Contro la Roma era diverso. Un po’ perché in Italia l’Inter ha già intrapreso un percorso importante, acquisendo una certa mentalità che tutto sommato ha mostrato pure ieri all’Olimpico: nel bene e nel male, tra mille errori e imprecisioni, ha fatto la partita per 90 minuti, fuori casa. Un po’ perché tutto sembrava essere dalla parte dei nerazzurri: le assenze in casa giallorossa (Dzeko, El Shaarawy, De Rossi e Pellegrini), gli episodi (sempre in vantaggio nei momenti più difficili), persino l’arbitraggio di Rocchi e del Var che si sono persi per strada un rigore evidente su Zaniolo sul punteggio di 0-0. Un errore giudicato “inconcepibile” dal presidente dell’Aia, Marcello Nicchi. Nonostante ciò, l’Inter non è riuscita a battere una Roma ridotta ai minimi termini, che ha giocato una gara generosa (la migliore dell’ultimo mese), dimostrando di essere ancora dalla parte del suo allenatore Eusebio Di Francesco, ma comunque molto modesta allo stato attuale.

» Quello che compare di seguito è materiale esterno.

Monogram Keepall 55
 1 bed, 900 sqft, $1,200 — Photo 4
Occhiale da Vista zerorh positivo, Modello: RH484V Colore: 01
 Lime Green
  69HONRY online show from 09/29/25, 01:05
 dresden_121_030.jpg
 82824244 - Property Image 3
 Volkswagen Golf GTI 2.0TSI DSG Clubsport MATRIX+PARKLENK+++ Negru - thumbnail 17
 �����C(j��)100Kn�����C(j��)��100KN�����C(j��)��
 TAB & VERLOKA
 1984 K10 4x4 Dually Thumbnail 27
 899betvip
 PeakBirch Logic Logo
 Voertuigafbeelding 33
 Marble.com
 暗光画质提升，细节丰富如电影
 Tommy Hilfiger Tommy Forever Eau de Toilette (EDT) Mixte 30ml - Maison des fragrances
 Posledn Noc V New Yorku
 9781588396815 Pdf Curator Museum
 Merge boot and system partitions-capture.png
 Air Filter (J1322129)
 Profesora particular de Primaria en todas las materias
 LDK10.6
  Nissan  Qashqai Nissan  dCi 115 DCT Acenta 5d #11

Sul piano del risultato Spalletti può comunque sorridere: un pareggio all’Olimpico non si butta mai via, specie con questa situazione di classifica. In Serie A gli obiettivi veri sono solo due, il primo posto o il quarto, non c’è via di mezzo, il secondo non conta quasi nulla: e visto che lo scudetto ormai è andato (o forse non è mai stato un’opzione realistica), resta la qualificazione in Champions; tenere la Roma a nove punti di distanza col ritorno da giocare a San Siro è una conquista importante. Però l’Inter era entrata nella prima curva decisiva della stagione sapendo di dover affrontare tre grandi partite: Tottenham, Roma e Juventus. Le prime due sono andate così così, se anche la terza dovesse finir male (ed è possibile: una sconfitta a Torino è nell’ordine delle cose) ecco che l’esame di maturità, il salto di qualità definitivo sarebbe quantomeno rimandato. Nessun dramma, per carità: tutti gli obiettivi stagionali sono ancora alla portata. Ma nessuna grande Inter: solo questa nuova Inter di Spalletti, che chissà se crescerà mai davvero, come il suo tecnico.